Data records>
+++

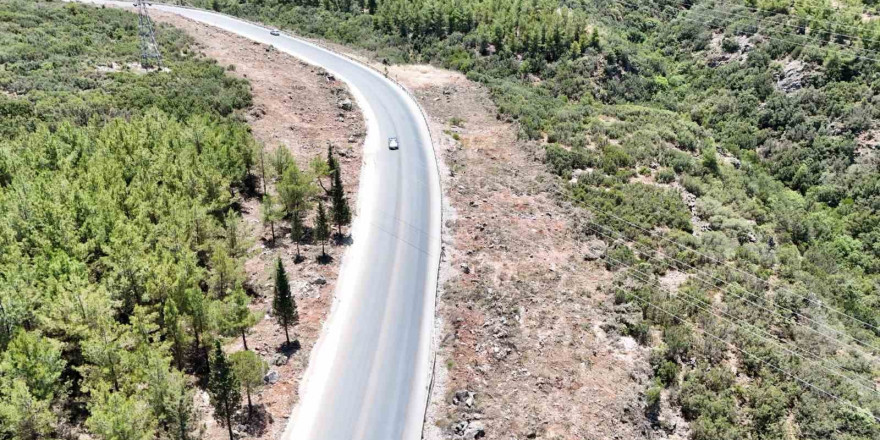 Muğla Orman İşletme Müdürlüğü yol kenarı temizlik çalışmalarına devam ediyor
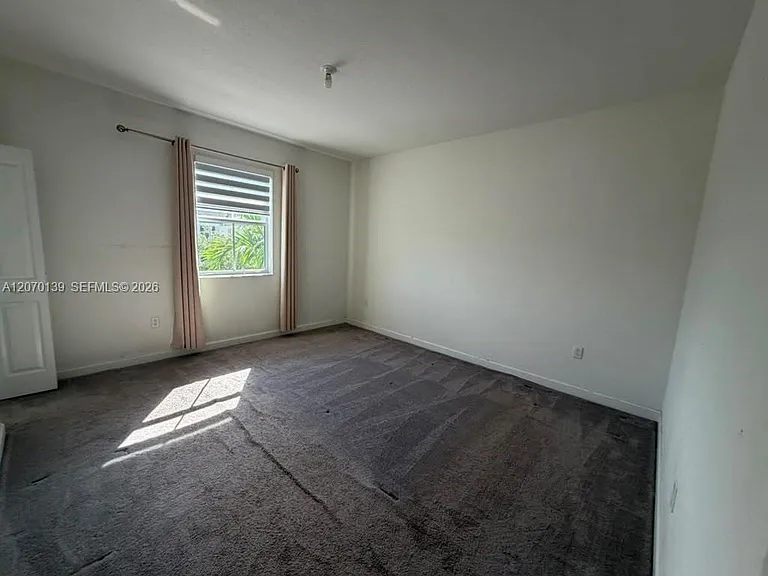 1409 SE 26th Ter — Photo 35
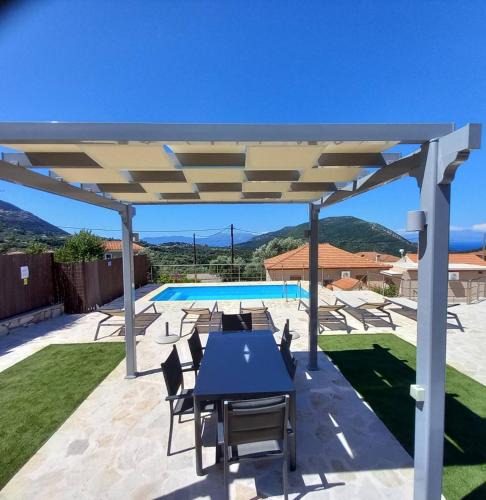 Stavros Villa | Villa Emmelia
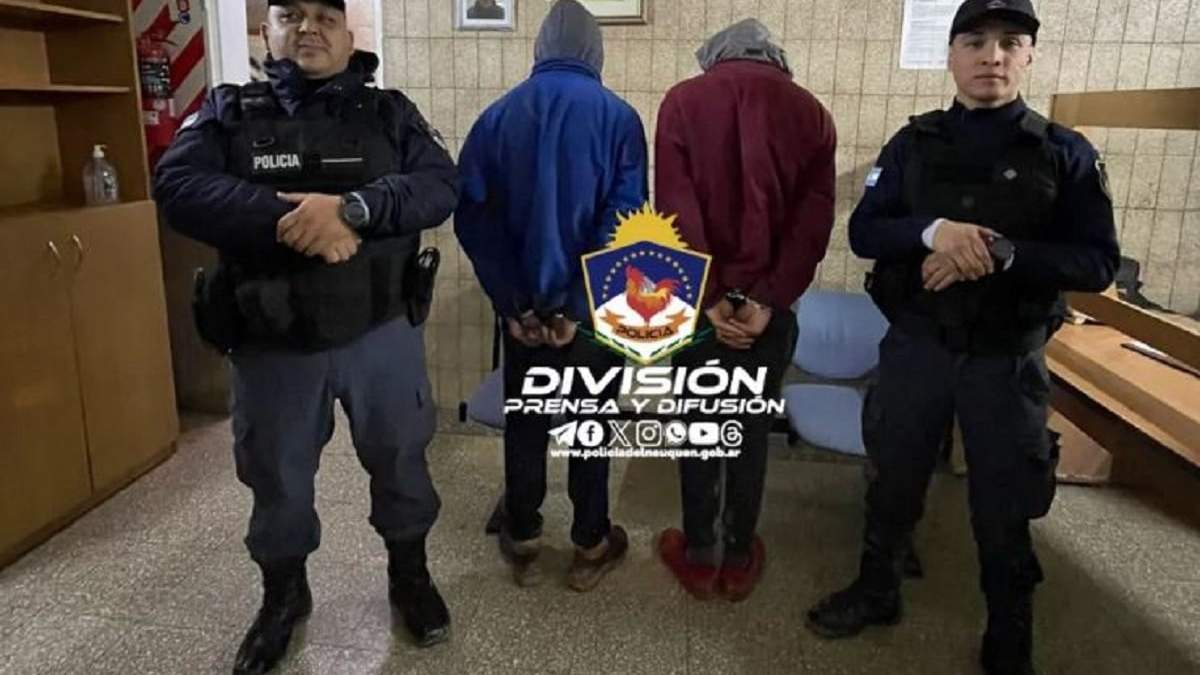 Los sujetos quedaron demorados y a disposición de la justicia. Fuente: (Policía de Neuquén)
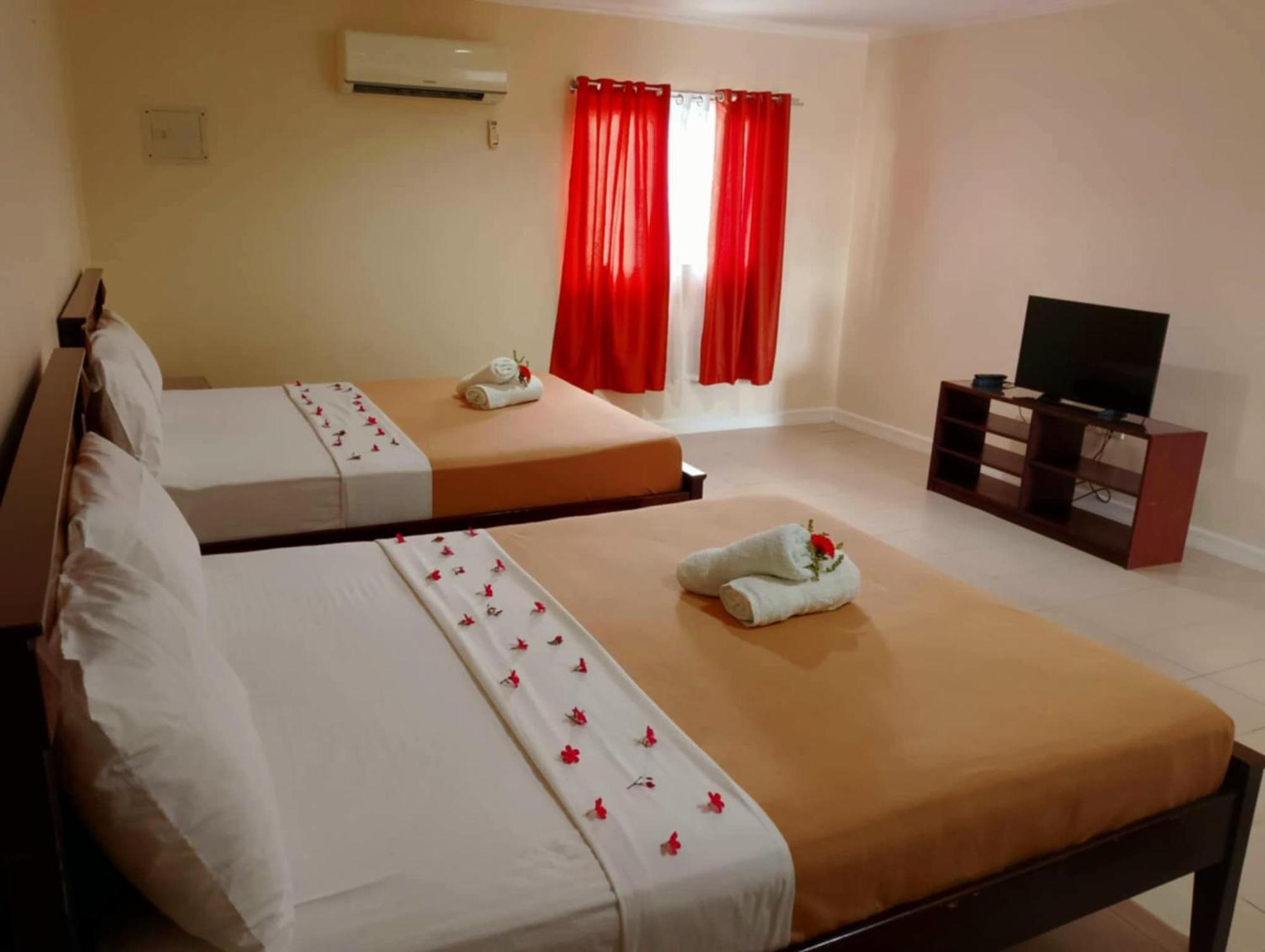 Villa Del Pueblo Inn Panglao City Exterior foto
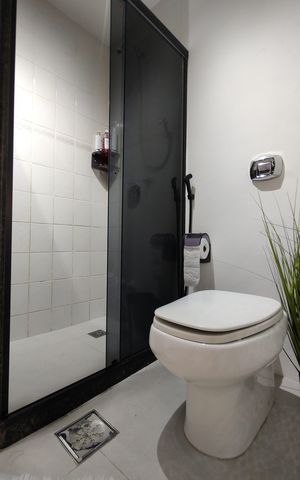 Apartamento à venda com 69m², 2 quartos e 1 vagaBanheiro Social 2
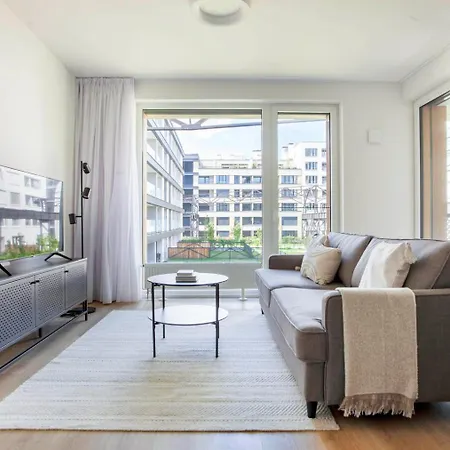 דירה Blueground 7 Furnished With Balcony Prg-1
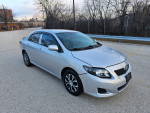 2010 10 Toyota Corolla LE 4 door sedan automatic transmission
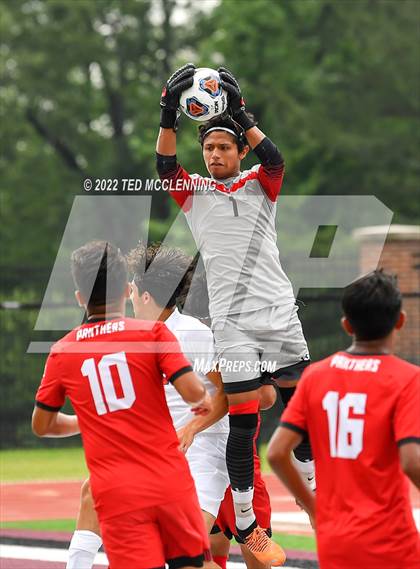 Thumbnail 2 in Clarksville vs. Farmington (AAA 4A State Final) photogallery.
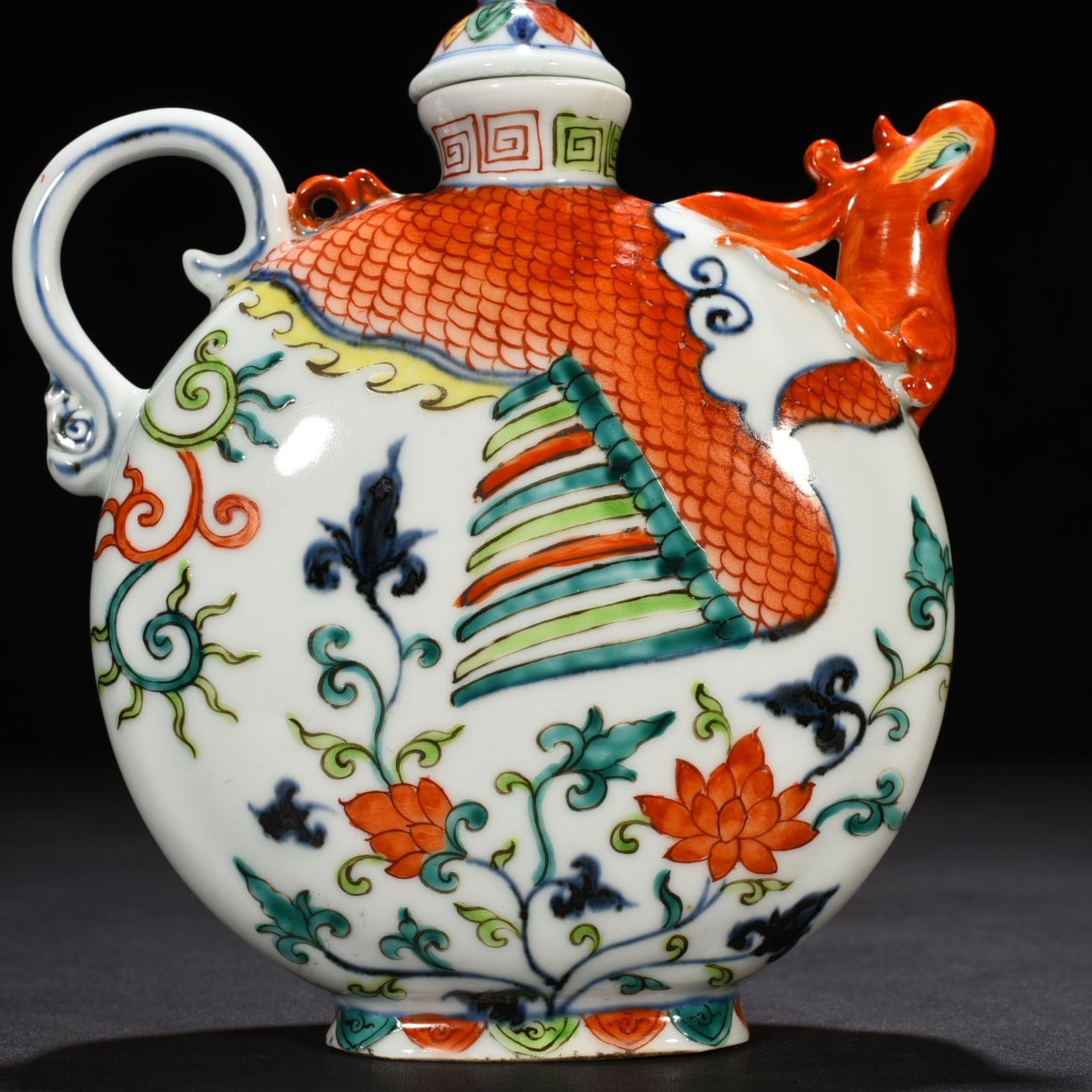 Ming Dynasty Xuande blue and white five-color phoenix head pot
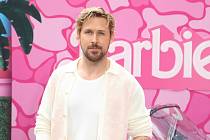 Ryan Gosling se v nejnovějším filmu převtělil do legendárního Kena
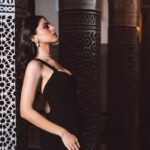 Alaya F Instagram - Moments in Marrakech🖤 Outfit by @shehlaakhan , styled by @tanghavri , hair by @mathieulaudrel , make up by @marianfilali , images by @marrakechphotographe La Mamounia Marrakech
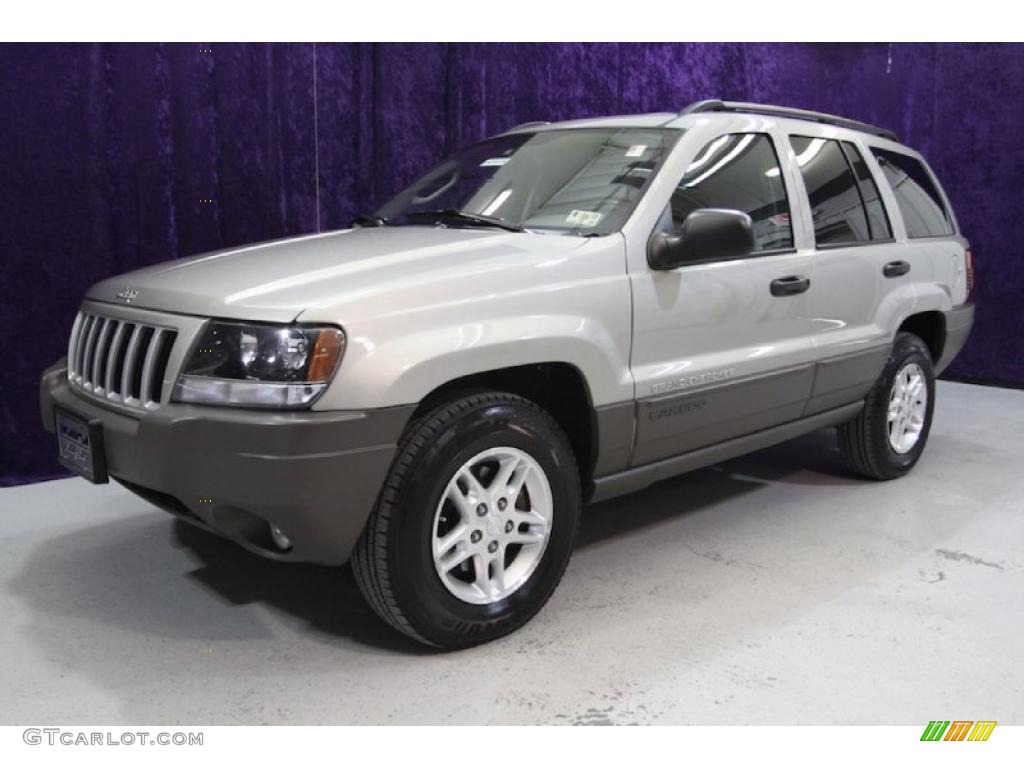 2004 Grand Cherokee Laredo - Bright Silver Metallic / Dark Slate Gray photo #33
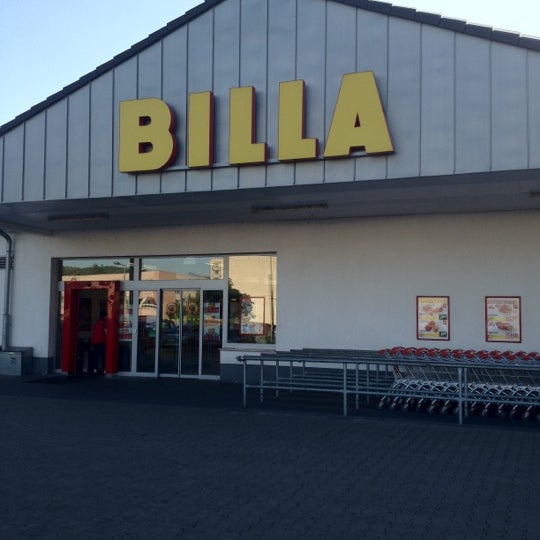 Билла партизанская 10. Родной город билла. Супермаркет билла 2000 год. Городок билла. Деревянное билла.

+++

Task statement>
Output exactly, and only, the lines of the entries above from the one with "Villa Del Pueblo" up to and including the one with "Ryan Gosling se"; pictures are to be left out.

Response>
 Villa Del Pueblo Inn Panglao City Exterior foto
 Apartamento à venda com 69m², 2 quartos e 1 vagaBanheiro Social 2
 דירה Blueground 7 Furnished With Balcony Prg-1
 2010 10 Toyota Corolla LE 4 door sedan automatic transmission
 Thumbnail 2 in Clarksville vs. Farmington (AAA 4A State Final) photogallery.
 Ming Dynasty Xuande blue and white five-color phoenix head pot
 Ryan Gosling se v nejnovějším filmu převtělil do legendárního Kena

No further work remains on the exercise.